» What you should do
Quote the entries in full, character for character, without their images.

» Provided information
# # # # # # #

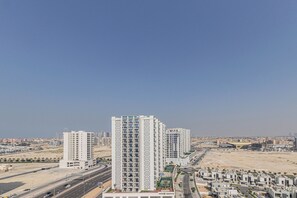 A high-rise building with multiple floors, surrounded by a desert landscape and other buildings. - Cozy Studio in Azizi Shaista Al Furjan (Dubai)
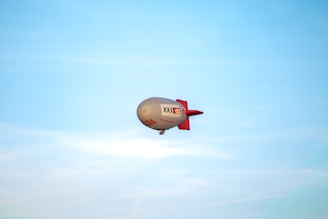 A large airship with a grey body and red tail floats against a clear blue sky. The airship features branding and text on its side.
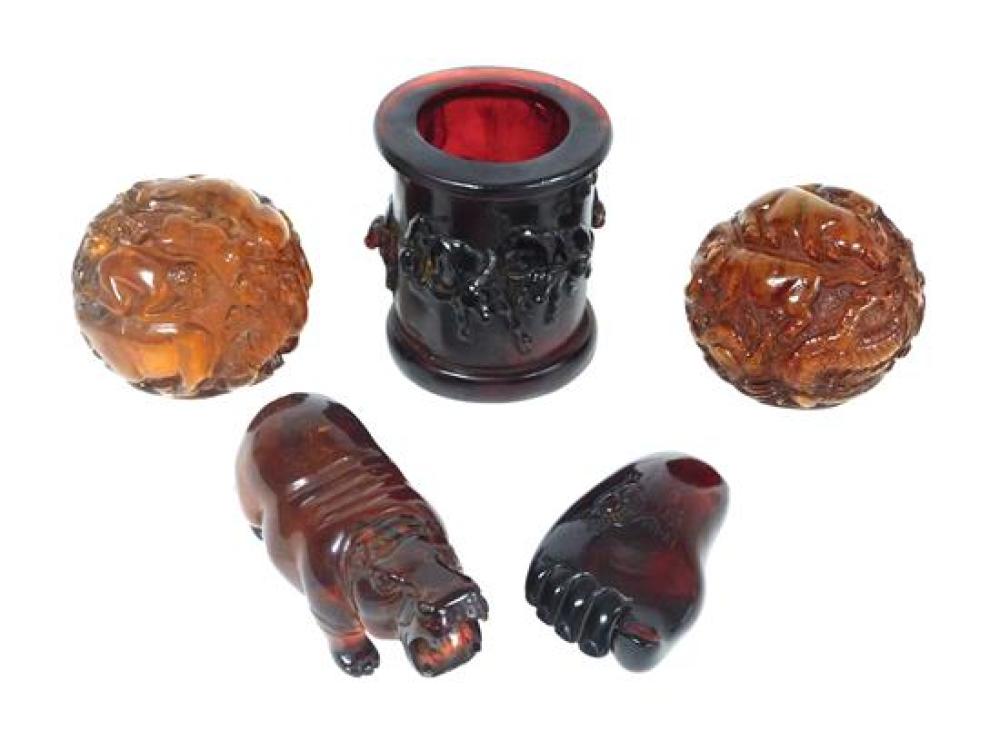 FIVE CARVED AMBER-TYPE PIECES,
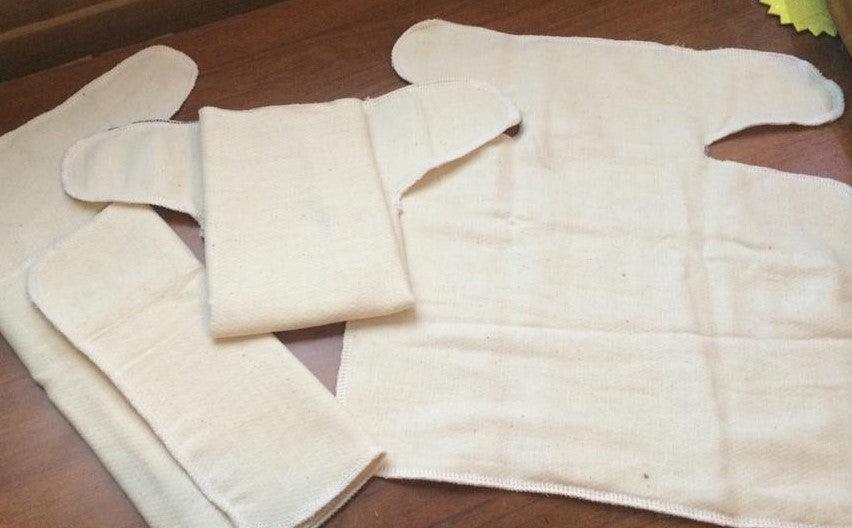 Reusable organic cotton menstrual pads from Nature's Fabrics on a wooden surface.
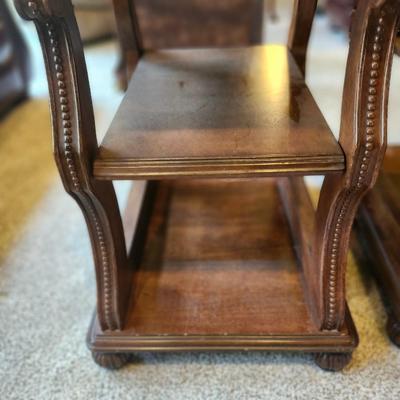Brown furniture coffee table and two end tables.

# # # # # # #

» Your response
 A high-rise building with multiple floors, surrounded by a desert landscape and other buildings. - Cozy Studio in Azizi Shaista Al Furjan (Dubai)
 A large airship with a grey body and red tail floats against a clear blue sky. The airship features branding and text on its side.
 FIVE CARVED AMBER-TYPE PIECES,
 Reusable organic cotton menstrual pads from Nature's Fabrics on a wooden surface.
Brown furniture coffee table and two end tables.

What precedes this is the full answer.